--- MATERIAL FOR THE TASK Enclosed Below ---

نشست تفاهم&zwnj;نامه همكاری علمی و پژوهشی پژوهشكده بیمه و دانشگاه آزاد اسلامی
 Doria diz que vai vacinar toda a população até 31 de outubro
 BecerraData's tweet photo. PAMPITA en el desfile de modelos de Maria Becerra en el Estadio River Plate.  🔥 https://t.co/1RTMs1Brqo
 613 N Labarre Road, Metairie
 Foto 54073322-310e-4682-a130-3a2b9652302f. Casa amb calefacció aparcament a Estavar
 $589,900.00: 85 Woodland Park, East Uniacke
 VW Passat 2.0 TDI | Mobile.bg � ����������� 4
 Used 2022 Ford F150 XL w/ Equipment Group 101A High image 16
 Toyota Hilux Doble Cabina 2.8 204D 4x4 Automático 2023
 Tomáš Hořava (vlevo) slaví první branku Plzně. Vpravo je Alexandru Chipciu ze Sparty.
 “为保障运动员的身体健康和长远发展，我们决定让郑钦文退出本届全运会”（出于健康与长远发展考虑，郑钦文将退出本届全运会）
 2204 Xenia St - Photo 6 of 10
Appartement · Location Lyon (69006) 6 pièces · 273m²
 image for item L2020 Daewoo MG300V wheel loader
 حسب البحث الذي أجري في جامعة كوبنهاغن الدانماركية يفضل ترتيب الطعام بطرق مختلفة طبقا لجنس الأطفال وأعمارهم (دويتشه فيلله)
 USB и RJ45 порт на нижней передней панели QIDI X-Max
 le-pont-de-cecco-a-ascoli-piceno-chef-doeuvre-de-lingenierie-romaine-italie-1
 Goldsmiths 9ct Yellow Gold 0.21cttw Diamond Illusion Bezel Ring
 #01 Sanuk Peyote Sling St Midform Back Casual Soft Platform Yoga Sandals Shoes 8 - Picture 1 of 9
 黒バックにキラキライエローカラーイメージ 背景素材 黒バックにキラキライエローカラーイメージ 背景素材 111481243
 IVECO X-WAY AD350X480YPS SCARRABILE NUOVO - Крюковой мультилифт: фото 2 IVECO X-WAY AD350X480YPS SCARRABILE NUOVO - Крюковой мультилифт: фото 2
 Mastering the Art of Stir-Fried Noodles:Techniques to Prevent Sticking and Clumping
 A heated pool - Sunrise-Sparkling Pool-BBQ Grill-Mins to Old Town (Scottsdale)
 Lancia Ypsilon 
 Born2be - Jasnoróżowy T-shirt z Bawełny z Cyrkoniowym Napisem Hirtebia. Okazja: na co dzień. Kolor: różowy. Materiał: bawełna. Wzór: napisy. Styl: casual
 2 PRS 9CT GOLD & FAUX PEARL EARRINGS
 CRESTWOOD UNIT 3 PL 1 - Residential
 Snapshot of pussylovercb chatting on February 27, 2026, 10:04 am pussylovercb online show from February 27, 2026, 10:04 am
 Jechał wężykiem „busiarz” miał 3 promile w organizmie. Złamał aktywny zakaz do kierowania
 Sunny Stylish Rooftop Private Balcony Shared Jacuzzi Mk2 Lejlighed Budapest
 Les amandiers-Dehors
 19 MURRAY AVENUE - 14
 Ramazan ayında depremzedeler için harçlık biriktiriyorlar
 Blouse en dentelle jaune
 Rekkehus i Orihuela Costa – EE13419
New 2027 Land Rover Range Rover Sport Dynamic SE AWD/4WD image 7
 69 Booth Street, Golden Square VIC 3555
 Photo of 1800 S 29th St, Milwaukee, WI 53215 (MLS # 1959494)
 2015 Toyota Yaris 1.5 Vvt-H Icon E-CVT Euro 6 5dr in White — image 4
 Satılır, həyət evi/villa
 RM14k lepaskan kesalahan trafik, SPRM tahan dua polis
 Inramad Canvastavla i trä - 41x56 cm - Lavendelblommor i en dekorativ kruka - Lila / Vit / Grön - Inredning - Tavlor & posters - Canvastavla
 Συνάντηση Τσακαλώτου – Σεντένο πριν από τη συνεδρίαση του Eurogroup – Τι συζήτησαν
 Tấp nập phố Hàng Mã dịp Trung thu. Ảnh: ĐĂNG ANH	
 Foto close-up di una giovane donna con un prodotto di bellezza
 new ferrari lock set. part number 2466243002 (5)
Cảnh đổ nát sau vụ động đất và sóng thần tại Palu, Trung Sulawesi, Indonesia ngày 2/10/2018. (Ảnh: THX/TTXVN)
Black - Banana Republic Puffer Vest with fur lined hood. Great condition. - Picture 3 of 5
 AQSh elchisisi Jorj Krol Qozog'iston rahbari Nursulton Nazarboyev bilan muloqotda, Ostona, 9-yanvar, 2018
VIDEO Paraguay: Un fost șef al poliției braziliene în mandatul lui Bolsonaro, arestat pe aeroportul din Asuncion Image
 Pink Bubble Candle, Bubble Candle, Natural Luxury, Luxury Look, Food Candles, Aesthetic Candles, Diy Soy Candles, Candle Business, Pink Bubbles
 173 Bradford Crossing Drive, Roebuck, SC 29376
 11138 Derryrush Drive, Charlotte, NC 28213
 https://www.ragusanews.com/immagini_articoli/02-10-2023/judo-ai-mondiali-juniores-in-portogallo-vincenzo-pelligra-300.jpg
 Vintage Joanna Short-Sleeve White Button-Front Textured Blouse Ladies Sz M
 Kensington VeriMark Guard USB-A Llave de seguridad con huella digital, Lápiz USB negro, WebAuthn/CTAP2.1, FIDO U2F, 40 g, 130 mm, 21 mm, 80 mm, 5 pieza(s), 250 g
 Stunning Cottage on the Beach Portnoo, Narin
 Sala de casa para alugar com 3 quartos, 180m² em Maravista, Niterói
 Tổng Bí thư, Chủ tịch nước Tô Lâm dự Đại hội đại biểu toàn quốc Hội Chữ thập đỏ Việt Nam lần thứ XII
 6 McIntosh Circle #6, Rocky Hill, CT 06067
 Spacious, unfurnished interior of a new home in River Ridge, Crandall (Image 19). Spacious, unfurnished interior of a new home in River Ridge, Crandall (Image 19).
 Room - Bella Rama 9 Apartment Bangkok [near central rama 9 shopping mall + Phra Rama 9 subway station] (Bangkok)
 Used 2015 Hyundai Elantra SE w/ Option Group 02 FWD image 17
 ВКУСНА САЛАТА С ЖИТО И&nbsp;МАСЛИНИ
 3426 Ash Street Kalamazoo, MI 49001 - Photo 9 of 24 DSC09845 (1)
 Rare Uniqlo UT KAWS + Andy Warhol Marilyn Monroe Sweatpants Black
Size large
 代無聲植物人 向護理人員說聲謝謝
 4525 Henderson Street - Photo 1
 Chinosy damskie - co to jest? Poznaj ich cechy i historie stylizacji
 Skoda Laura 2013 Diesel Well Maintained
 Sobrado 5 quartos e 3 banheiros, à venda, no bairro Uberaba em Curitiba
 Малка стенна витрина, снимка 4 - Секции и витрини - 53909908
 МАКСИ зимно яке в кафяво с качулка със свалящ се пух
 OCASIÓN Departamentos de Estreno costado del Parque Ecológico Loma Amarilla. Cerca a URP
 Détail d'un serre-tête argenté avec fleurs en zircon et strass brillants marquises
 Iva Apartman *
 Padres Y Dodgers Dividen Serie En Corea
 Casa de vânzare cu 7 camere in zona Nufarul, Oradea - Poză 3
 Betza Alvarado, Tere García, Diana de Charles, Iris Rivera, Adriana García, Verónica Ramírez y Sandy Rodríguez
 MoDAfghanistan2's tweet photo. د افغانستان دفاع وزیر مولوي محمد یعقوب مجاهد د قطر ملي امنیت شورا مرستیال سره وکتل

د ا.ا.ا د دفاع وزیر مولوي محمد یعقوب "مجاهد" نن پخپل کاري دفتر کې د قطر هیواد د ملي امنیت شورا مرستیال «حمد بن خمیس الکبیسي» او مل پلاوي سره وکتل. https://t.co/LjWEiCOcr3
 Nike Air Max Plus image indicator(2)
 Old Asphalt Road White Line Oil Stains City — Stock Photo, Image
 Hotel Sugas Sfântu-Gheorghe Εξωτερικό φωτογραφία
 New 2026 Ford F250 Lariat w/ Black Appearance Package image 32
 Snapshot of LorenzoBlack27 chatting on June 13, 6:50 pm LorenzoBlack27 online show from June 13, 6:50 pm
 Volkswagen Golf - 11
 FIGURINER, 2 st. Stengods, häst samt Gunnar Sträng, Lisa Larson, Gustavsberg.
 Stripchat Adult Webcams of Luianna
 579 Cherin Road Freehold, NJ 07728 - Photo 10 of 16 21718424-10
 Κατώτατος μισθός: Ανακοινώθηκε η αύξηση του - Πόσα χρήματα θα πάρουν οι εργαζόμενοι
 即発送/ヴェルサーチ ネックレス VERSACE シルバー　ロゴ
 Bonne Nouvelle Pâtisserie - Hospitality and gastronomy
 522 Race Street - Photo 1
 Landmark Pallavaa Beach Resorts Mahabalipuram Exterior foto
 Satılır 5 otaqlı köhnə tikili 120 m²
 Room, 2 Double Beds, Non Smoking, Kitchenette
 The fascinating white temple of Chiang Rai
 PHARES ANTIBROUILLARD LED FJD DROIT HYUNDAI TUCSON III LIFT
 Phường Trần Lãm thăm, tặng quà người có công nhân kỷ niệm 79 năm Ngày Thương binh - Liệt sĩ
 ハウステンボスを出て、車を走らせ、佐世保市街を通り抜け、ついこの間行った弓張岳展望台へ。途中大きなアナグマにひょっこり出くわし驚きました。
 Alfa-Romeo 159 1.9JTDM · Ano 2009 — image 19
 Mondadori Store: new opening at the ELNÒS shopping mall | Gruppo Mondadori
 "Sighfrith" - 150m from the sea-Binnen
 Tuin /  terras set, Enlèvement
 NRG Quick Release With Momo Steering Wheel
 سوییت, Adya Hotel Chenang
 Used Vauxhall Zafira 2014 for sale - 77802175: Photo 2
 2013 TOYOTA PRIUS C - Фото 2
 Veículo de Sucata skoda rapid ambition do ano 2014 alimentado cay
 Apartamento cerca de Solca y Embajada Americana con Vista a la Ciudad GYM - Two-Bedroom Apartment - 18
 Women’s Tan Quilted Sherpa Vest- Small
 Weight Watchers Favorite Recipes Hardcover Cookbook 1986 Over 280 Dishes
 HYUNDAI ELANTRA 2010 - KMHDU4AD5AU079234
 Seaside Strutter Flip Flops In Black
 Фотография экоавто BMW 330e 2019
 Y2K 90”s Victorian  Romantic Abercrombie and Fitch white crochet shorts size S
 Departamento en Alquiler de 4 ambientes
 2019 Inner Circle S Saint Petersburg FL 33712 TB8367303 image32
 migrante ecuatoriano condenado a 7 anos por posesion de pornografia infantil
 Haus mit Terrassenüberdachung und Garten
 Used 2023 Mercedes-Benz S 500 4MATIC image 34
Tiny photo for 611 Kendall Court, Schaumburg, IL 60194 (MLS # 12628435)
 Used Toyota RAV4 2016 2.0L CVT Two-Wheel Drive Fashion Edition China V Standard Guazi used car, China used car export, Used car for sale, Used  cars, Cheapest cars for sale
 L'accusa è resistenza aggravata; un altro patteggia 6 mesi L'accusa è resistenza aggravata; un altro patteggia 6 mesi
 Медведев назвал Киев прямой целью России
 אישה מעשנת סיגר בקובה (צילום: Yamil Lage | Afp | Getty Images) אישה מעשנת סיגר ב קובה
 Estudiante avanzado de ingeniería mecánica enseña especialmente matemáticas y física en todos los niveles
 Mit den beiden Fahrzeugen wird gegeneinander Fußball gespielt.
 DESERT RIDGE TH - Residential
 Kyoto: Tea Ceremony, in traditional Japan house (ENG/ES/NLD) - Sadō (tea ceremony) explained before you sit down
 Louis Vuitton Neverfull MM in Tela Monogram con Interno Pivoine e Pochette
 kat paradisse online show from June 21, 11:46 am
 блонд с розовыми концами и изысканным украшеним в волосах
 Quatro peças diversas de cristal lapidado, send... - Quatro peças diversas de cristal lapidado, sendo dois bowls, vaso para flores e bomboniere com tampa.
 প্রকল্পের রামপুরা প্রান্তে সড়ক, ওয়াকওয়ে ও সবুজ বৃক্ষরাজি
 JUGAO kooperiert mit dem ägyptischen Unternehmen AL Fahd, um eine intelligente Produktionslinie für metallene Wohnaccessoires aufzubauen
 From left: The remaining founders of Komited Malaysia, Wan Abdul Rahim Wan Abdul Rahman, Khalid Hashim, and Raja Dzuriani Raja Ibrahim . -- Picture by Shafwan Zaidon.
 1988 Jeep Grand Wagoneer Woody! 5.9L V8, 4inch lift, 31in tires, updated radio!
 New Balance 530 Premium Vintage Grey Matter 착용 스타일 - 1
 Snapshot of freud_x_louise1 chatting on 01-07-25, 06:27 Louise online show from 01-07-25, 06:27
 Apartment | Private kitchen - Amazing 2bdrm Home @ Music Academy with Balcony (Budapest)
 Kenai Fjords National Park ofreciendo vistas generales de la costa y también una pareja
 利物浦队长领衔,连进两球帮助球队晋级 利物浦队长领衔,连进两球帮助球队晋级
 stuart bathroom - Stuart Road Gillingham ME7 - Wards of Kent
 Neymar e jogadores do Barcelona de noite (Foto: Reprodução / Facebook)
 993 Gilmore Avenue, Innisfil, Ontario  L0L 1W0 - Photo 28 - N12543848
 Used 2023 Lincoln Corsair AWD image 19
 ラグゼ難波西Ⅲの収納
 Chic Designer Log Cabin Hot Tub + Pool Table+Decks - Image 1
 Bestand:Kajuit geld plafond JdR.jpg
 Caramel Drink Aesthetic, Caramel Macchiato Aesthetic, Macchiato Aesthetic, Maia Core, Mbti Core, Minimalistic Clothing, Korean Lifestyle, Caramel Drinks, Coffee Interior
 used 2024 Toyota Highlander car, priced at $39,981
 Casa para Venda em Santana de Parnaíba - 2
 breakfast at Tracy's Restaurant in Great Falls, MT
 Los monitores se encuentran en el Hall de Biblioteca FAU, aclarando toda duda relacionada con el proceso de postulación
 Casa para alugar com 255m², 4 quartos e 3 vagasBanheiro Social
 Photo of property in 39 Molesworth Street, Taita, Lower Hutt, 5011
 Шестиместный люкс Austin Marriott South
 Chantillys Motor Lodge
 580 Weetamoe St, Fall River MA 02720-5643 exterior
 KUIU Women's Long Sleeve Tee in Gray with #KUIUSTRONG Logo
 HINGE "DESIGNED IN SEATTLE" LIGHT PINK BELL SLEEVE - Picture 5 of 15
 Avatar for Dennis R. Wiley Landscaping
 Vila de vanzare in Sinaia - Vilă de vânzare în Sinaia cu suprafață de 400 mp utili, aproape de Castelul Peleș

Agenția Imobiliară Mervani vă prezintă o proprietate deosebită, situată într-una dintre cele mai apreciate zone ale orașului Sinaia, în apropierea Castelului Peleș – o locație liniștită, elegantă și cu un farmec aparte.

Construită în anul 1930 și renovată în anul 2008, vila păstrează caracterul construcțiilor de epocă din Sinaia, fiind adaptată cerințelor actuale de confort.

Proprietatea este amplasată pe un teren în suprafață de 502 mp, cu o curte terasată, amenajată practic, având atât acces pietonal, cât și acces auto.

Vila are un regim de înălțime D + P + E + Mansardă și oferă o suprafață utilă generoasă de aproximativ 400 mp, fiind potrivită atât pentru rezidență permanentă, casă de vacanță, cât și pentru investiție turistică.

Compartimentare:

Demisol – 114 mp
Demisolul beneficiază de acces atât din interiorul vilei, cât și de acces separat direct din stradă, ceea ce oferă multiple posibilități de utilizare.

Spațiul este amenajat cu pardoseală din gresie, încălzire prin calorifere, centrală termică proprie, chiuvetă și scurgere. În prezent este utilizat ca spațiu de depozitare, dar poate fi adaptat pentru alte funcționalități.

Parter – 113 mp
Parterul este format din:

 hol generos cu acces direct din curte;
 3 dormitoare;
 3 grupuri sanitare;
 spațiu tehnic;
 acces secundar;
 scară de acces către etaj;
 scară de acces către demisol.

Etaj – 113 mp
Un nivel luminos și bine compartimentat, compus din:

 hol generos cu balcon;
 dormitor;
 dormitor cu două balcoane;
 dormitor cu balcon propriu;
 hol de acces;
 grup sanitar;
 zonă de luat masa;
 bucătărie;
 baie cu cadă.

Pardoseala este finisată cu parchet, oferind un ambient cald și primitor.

--- End of Enclosed MATERIAL FOR THE TASK ---

WORK INSTRUCTION
Your answer must be the data above, copied exactly from its first line through the line containing "CRESTWOOD UNIT 3 PL 1 - Residential", and nothing more.

ANSWER TO THIS EXERCISE
نشست تفاهم&zwnj;نامه همكاری علمی و پژوهشی پژوهشكده بیمه و دانشگاه آزاد اسلامی
 Doria diz que vai vacinar toda a população até 31 de outubro
 BecerraData's tweet photo. PAMPITA en el desfile de modelos de Maria Becerra en el Estadio River Plate.  🔥 https://t.co/1RTMs1Brqo
 613 N Labarre Road, Metairie
 Foto 54073322-310e-4682-a130-3a2b9652302f. Casa amb calefacció aparcament a Estavar
 $589,900.00: 85 Woodland Park, East Uniacke
 VW Passat 2.0 TDI | Mobile.bg � ����������� 4
 Used 2022 Ford F150 XL w/ Equipment Group 101A High image 16
 Toyota Hilux Doble Cabina 2.8 204D 4x4 Automático 2023
 Tomáš Hořava (vlevo) slaví první branku Plzně. Vpravo je Alexandru Chipciu ze Sparty.
 “为保障运动员的身体健康和长远发展，我们决定让郑钦文退出本届全运会”（出于健康与长远发展考虑，郑钦文将退出本届全运会）
 2204 Xenia St - Photo 6 of 10
Appartement · Location Lyon (69006) 6 pièces · 273m²
 image for item L2020 Daewoo MG300V wheel loader
 حسب البحث الذي أجري في جامعة كوبنهاغن الدانماركية يفضل ترتيب الطعام بطرق مختلفة طبقا لجنس الأطفال وأعمارهم (دويتشه فيلله)
 USB и RJ45 порт на нижней передней панели QIDI X-Max
 le-pont-de-cecco-a-ascoli-piceno-chef-doeuvre-de-lingenierie-romaine-italie-1
 Goldsmiths 9ct Yellow Gold 0.21cttw Diamond Illusion Bezel Ring
 #01 Sanuk Peyote Sling St Midform Back Casual Soft Platform Yoga Sandals Shoes 8 - Picture 1 of 9
 黒バックにキラキライエローカラーイメージ 背景素材 黒バックにキラキライエローカラーイメージ 背景素材 111481243
 IVECO X-WAY AD350X480YPS SCARRABILE NUOVO - Крюковой мультилифт: фото 2 IVECO X-WAY AD350X480YPS SCARRABILE NUOVO - Крюковой мультилифт: фото 2
 Mastering the Art of Stir-Fried Noodles:Techniques to Prevent Sticking and Clumping
 A heated pool - Sunrise-Sparkling Pool-BBQ Grill-Mins to Old Town (Scottsdale)
 Lancia Ypsilon 
 Born2be - Jasnoróżowy T-shirt z Bawełny z Cyrkoniowym Napisem Hirtebia. Okazja: na co dzień. Kolor: różowy. Materiał: bawełna. Wzór: napisy. Styl: casual
 2 PRS 9CT GOLD & FAUX PEARL EARRINGS
 CRESTWOOD UNIT 3 PL 1 - Residential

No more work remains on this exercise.